What to produce. Apart from the pictures, every entry must be retyped exactly.

-------- The input --------

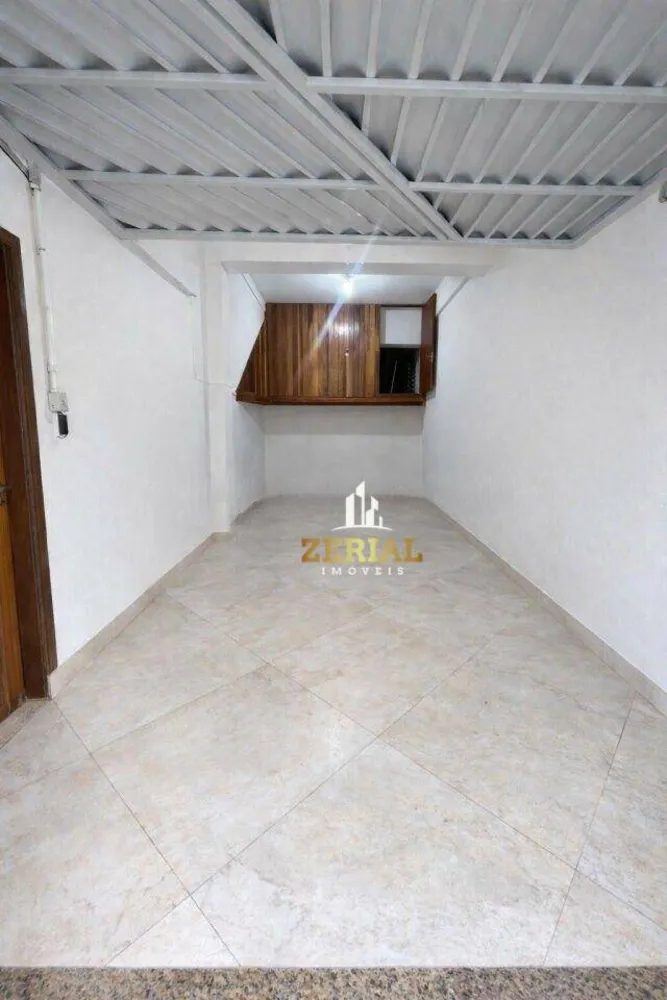 Loja-Salão, 35 m² - Foto 1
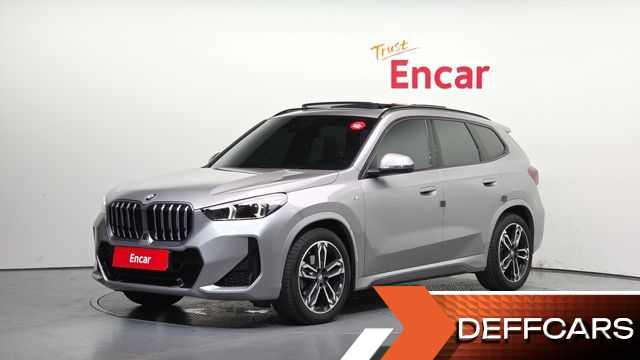 BMW X1 xDrive 20i M Sport купить на сайте DeffCars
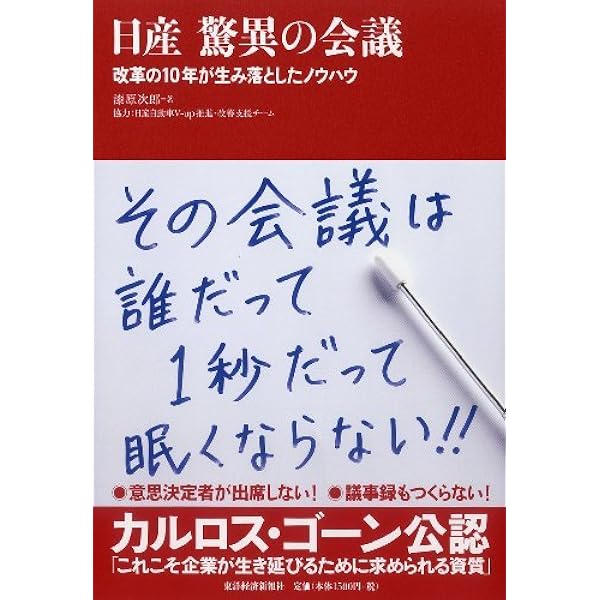 【直筆サイン】カルロス・ゴーン 直筆 サイン本 ルネッサンス 再生への挑戦 日産 ルネッサンス ― 再生への挑戦 | カルロス・ゴーン, 中川 治子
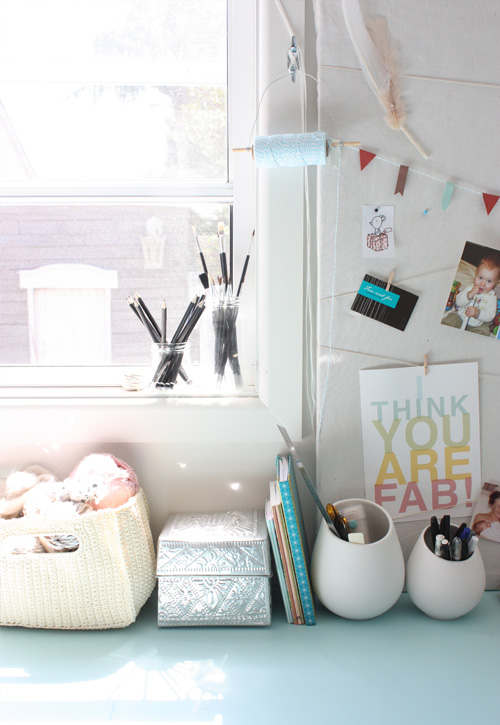 Happy home - office 3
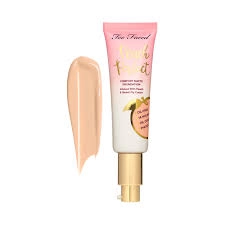 Image of Too Faced 'Peach Perfect' Matte Cream Foundation 48ml - Sable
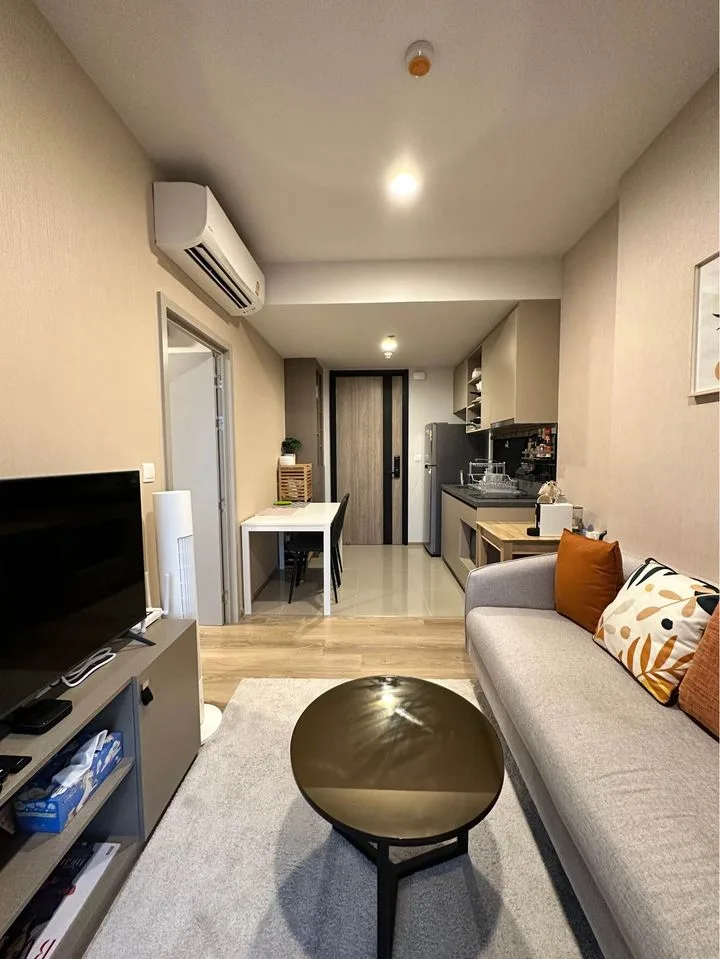 OKA HAUS Sukhumvit 36 — photo 4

--------

Reply.
 Loja-Salão, 35 m² - Foto 1
 BMW X1 xDrive 20i M Sport купить на сайте DeffCars
 【直筆サイン】カルロス・ゴーン 直筆 サイン本 ルネッサンス 再生への挑戦 日産 ルネッサンス ― 再生への挑戦 | カルロス・ゴーン, 中川 治子
 Happy home - office 3
 Image of Too Faced 'Peach Perfect' Matte Cream Foundation 48ml - Sable
 OKA HAUS Sukhumvit 36 — photo 4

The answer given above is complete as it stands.